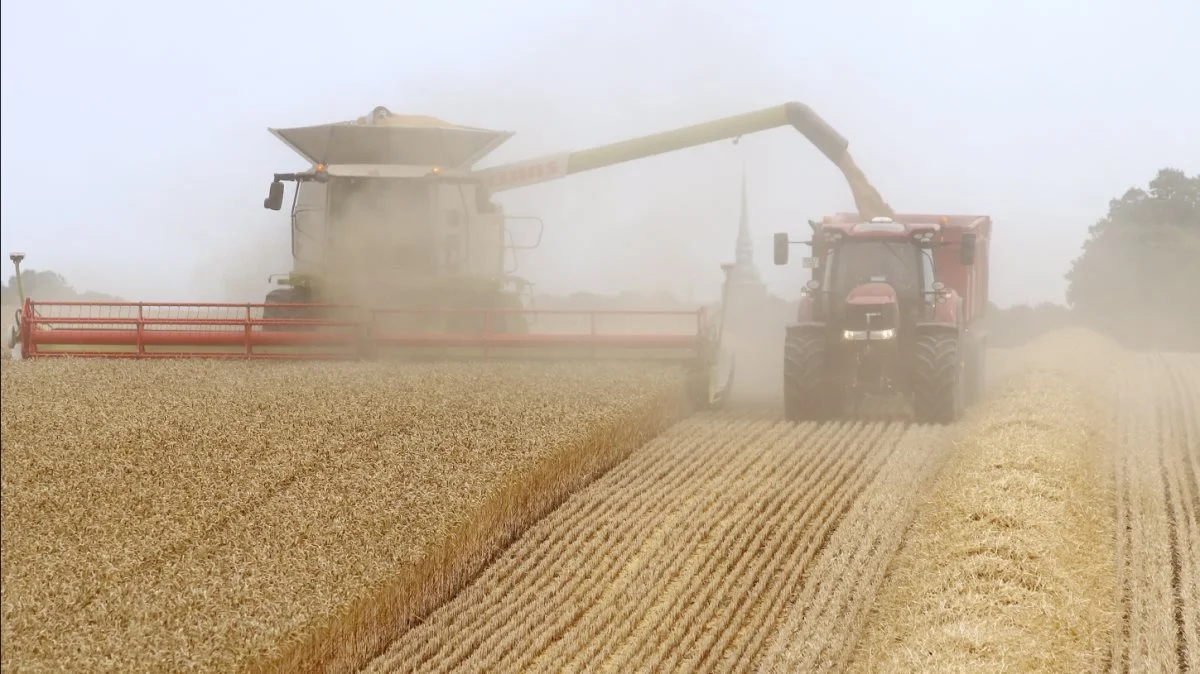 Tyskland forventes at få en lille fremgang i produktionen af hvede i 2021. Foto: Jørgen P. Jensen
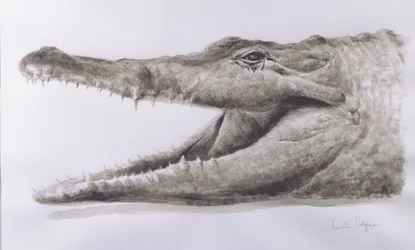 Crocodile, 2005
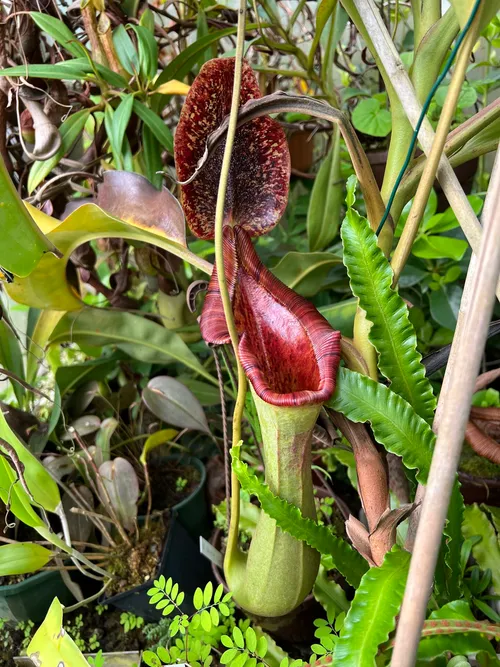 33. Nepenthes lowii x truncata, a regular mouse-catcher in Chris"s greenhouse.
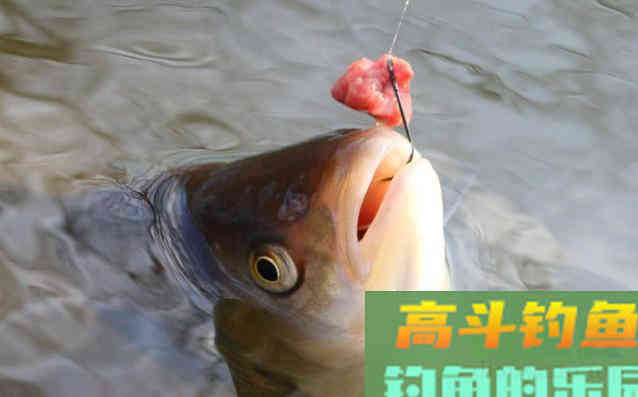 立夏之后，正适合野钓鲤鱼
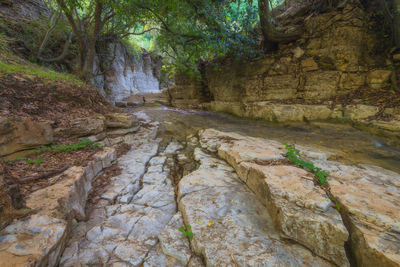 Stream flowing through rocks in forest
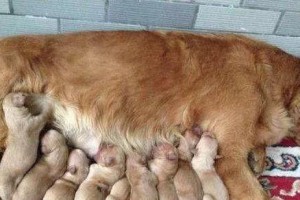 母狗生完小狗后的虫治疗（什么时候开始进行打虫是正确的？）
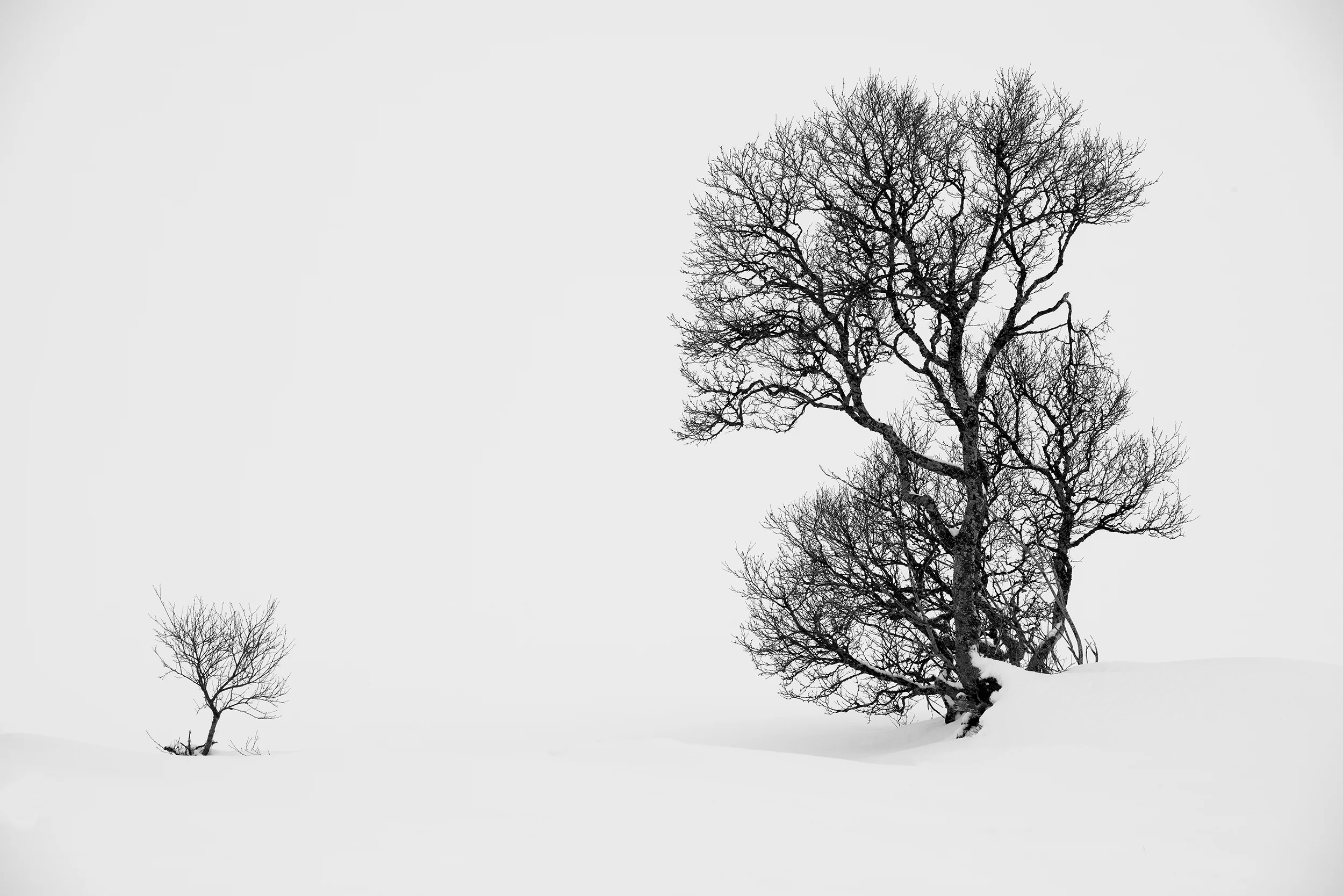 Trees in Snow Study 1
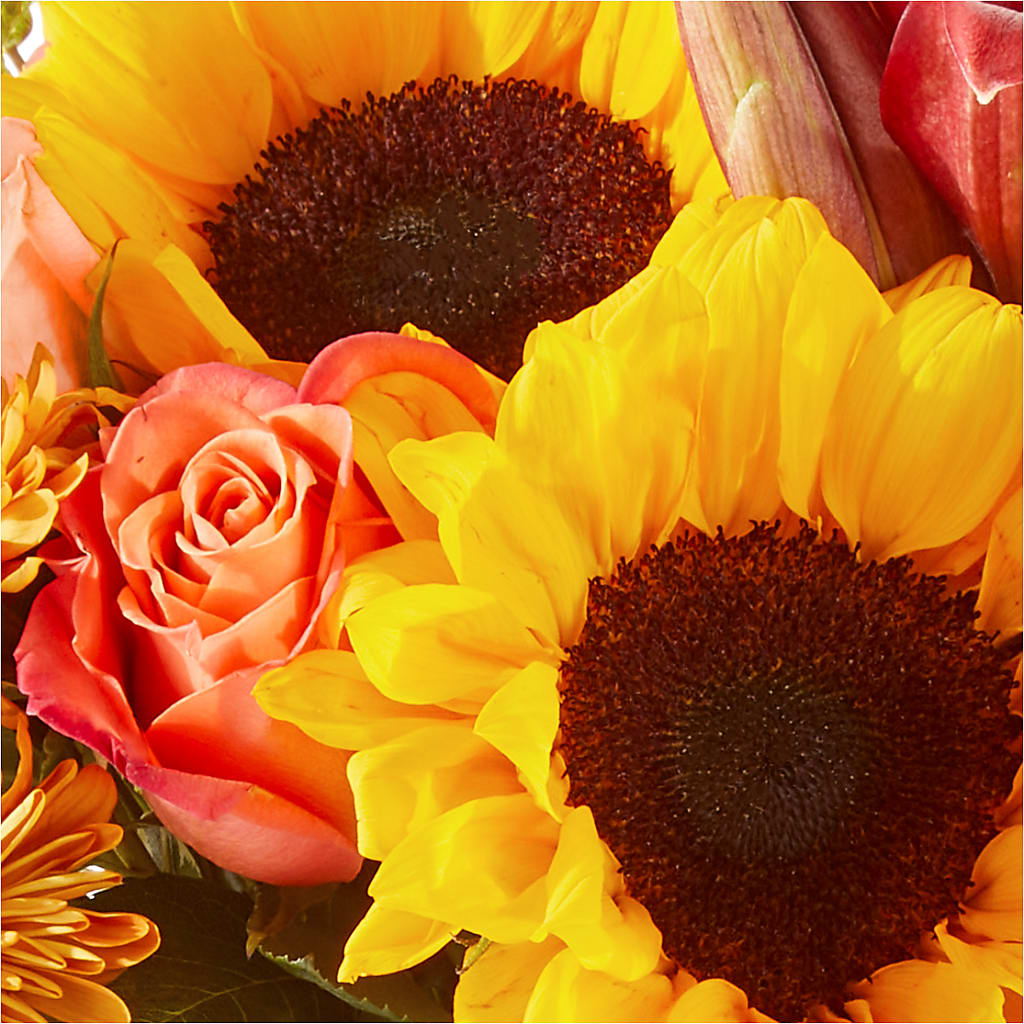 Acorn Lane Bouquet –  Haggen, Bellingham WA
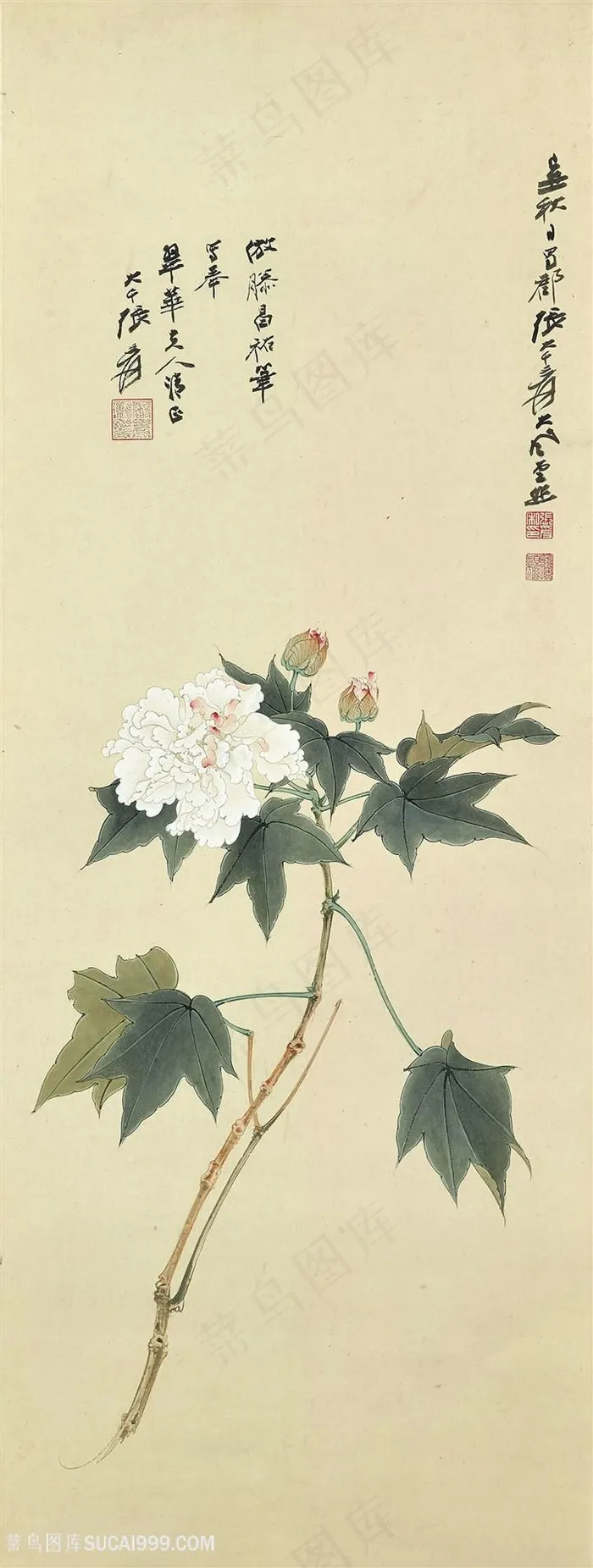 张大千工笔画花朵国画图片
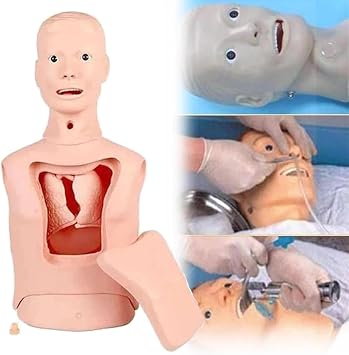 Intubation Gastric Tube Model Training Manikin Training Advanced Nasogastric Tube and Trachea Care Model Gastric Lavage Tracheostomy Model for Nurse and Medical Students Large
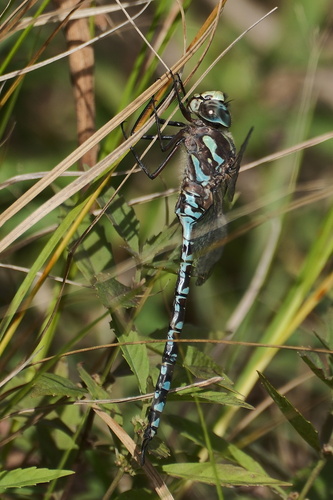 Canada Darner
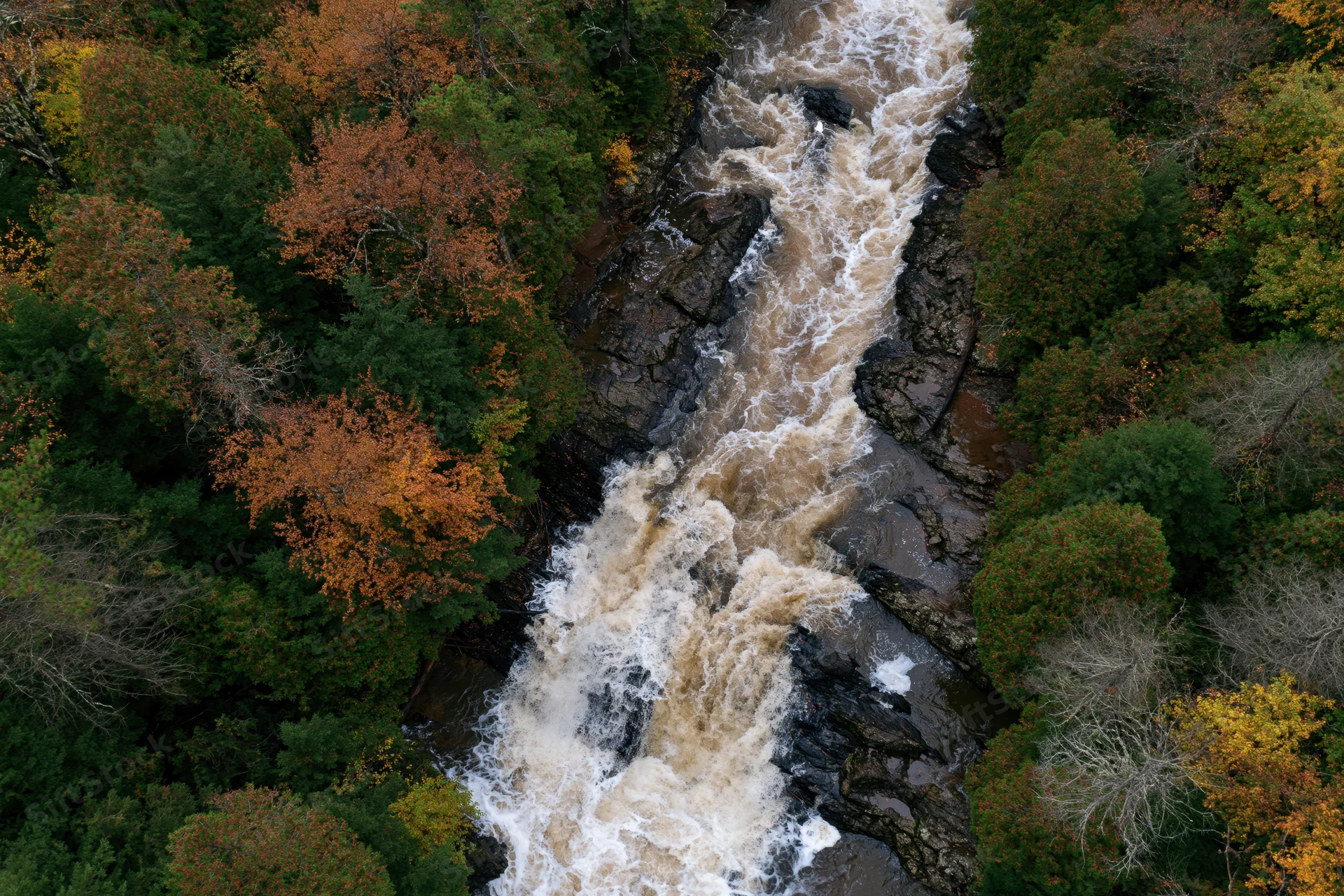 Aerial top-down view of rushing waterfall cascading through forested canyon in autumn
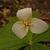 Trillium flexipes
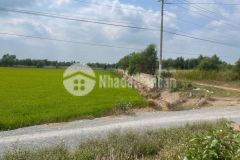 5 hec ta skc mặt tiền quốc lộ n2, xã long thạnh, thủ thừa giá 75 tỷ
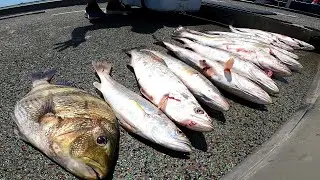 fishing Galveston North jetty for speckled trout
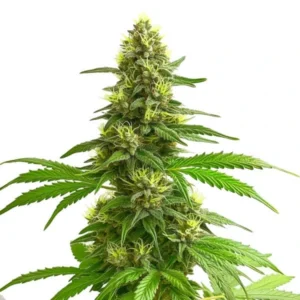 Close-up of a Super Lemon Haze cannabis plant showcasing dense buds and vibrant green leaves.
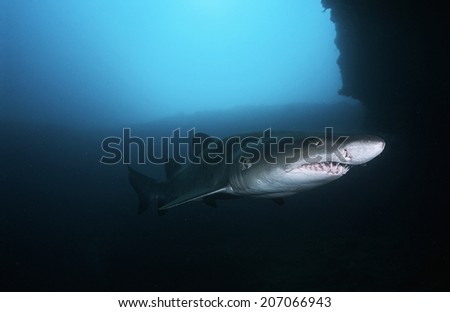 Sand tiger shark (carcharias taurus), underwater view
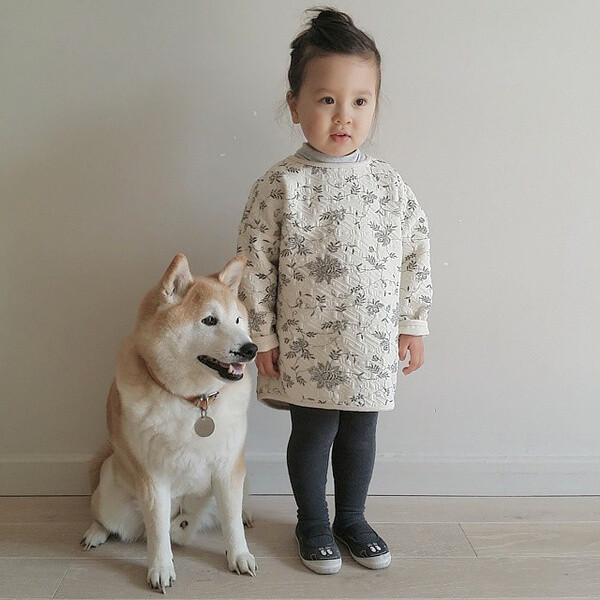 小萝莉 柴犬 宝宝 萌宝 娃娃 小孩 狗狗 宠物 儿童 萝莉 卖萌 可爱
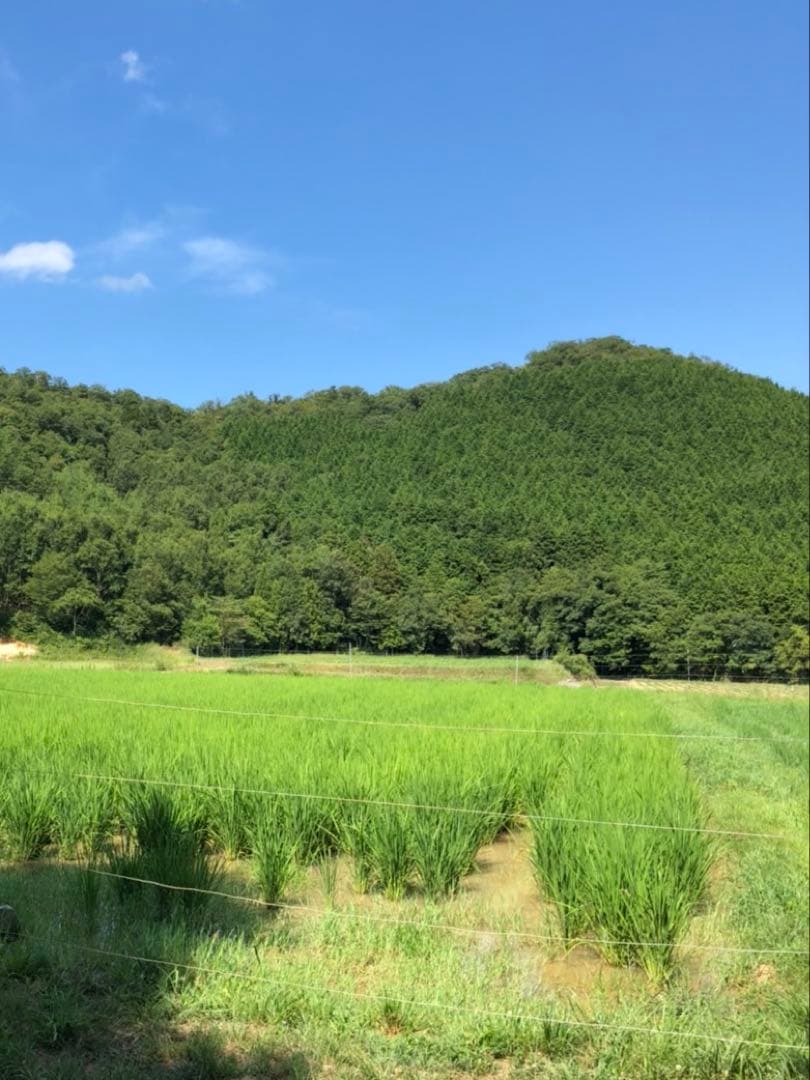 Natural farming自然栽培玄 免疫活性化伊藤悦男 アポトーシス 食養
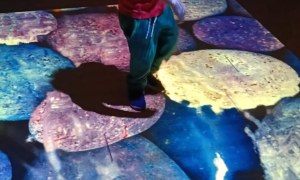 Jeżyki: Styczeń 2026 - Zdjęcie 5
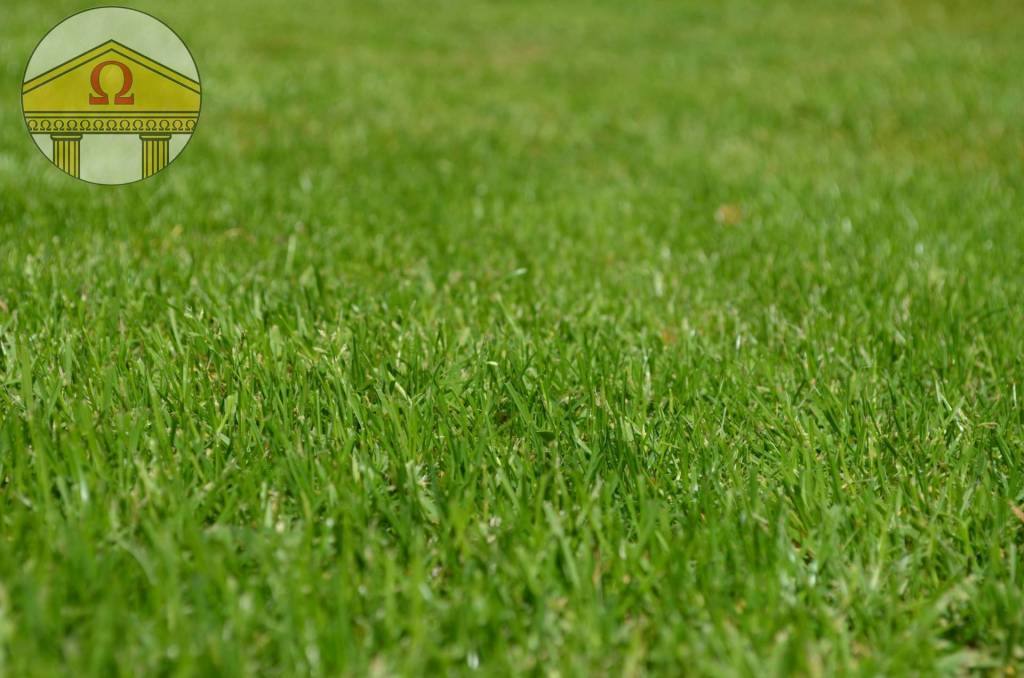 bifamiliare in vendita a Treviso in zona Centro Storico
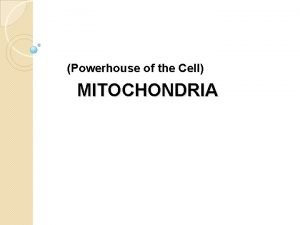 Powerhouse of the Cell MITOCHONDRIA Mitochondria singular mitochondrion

━━━━━━

What you need to do ::
Please copy the lines above, starting at the one that holds "Aerial top-down view" and stopping after the last line, exactly as they appear and minus the pictures.

Response to this task ::
 Aerial top-down view of rushing waterfall cascading through forested canyon in autumn
 Trillium flexipes
 5 hec ta skc mặt tiền quốc lộ n2, xã long thạnh, thủ thừa giá 75 tỷ
 fishing Galveston North jetty for speckled trout
 Close-up of a Super Lemon Haze cannabis plant showcasing dense buds and vibrant green leaves.
 Sand tiger shark (carcharias taurus), underwater view
 小萝莉 柴犬 宝宝 萌宝 娃娃 小孩 狗狗 宠物 儿童 萝莉 卖萌 可爱
 Natural farming自然栽培玄 免疫活性化伊藤悦男 アポトーシス 食養
 Jeżyki: Styczeń 2026 - Zdjęcie 5
 bifamiliare in vendita a Treviso in zona Centro Storico
 Powerhouse of the Cell MITOCHONDRIA Mitochondria singular mitochondrion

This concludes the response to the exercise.